First up, I wrote a review of Blankets years and years ago when I first read it, and those words still stand, though I am a vastly different person than I was when I first read the book at my childhood home in bed. I wrote: “Blankets is a literary achievement, and probably one of the top five graphic novels of all time. It’s a story so fulfilling and so immensely – almost staggeringly – beautiful that it, like first love itself, almost aches to experience it. But, again like first love itself, is something that I’d recommend to any and everyone. As a man very much like Craig – a Christian who doesn’t find everything the church teaches to his liking as well as a person who had a bittersweet first love – I found this book to be so full of poignant truth that I was brought to tears many times over.”
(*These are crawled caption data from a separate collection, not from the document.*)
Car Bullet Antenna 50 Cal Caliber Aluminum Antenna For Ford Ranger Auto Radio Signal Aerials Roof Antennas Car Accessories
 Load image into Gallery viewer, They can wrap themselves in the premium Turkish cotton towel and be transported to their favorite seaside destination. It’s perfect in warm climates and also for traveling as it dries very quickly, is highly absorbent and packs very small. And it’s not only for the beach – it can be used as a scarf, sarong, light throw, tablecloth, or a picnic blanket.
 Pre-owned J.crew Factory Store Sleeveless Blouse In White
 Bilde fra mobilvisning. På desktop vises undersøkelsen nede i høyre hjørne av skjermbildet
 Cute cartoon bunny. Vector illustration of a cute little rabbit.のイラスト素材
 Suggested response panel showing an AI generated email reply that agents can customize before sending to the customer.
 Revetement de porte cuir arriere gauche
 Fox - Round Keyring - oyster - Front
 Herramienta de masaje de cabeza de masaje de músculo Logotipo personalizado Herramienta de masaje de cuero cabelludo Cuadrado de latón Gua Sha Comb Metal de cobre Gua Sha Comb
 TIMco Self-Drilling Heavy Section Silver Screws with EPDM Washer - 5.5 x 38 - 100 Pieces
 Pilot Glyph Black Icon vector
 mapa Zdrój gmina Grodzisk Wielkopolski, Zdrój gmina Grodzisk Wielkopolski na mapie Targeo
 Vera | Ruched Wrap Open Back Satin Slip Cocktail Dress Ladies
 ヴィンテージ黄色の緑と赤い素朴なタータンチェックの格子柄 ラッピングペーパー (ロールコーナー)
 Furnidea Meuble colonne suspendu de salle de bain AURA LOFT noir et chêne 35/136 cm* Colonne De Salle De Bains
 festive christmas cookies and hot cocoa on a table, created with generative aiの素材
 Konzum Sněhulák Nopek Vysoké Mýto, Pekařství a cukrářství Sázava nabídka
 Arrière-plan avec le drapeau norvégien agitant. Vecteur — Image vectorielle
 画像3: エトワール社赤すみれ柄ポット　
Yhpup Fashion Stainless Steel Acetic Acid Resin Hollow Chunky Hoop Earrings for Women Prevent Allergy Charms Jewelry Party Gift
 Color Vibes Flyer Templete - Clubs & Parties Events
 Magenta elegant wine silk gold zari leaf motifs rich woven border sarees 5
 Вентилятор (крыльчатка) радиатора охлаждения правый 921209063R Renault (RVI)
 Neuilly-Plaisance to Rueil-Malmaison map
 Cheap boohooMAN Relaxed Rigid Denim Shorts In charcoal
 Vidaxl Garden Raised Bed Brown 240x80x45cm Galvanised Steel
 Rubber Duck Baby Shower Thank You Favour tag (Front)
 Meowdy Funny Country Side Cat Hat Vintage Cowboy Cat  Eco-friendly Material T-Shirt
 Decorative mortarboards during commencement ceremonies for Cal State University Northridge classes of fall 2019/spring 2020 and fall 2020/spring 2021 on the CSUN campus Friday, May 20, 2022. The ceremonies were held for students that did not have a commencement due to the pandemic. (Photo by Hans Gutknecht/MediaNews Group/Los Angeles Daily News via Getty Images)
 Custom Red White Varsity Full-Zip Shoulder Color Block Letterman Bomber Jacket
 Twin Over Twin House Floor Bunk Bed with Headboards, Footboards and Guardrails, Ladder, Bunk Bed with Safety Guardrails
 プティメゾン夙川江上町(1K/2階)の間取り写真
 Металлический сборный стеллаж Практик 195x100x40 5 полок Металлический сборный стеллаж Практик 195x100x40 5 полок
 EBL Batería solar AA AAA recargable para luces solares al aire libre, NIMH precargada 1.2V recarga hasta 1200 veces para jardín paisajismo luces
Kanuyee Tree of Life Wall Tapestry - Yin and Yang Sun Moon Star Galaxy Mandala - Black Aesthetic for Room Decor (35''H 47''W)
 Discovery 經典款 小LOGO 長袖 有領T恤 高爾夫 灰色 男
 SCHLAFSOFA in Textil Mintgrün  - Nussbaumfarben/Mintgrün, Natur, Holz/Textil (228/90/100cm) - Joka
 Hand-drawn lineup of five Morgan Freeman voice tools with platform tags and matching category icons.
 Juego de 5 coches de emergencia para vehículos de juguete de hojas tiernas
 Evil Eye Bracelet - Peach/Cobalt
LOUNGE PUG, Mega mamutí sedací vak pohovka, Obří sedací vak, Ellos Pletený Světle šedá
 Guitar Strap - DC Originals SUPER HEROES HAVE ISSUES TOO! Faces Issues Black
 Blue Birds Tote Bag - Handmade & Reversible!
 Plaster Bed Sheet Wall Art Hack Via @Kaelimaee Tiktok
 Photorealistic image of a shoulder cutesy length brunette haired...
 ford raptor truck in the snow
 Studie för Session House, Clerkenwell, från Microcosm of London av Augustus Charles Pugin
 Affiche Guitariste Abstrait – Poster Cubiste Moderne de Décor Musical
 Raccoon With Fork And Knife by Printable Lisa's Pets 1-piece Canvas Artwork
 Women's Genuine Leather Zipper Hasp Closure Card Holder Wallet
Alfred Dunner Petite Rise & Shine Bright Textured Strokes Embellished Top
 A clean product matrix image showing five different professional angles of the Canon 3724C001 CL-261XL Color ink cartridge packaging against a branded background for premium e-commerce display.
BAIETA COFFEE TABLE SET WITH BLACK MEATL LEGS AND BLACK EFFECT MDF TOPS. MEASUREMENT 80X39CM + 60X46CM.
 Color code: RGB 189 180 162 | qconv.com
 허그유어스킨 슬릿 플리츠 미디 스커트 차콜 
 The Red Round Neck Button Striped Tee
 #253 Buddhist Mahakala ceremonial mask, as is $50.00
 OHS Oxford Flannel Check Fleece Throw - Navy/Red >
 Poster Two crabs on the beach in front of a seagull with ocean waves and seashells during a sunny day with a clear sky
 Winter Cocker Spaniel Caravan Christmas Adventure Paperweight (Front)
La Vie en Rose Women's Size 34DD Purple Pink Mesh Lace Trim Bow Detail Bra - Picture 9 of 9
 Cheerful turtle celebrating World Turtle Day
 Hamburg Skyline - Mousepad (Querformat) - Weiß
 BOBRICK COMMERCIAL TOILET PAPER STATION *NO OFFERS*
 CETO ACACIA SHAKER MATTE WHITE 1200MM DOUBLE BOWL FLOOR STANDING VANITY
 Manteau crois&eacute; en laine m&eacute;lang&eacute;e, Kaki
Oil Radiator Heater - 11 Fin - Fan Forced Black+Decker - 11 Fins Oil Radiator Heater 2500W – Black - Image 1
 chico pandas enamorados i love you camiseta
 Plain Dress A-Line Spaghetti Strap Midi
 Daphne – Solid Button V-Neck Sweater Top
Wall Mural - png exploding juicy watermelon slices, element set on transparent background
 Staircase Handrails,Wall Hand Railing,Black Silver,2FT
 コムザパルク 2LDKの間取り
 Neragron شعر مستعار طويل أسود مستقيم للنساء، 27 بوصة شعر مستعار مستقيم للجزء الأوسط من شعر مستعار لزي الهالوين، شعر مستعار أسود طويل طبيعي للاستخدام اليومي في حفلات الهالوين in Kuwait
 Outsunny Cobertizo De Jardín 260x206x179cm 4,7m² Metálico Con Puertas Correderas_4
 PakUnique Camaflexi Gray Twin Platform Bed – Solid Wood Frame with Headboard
I’m not going to talk much about the plot or go on and on about how brilliant it is, because you can find praise about Blankets pretty much anywhere. When I think of Blankets, I think more of the life I’ve lived around the book – and that isn’t to take away from the book itself, but rather the opposite. I love reading and always have but, realistically, considering the amount of books, comics or otherwise, that I’ve read in my life, precious few books have been so affecting that they’ve become actual markers of change and forward movement in my life. Blankets is one of those books, so I thought I’d look back on some personal memories of reading and experiencing Craig Thompson’s opus.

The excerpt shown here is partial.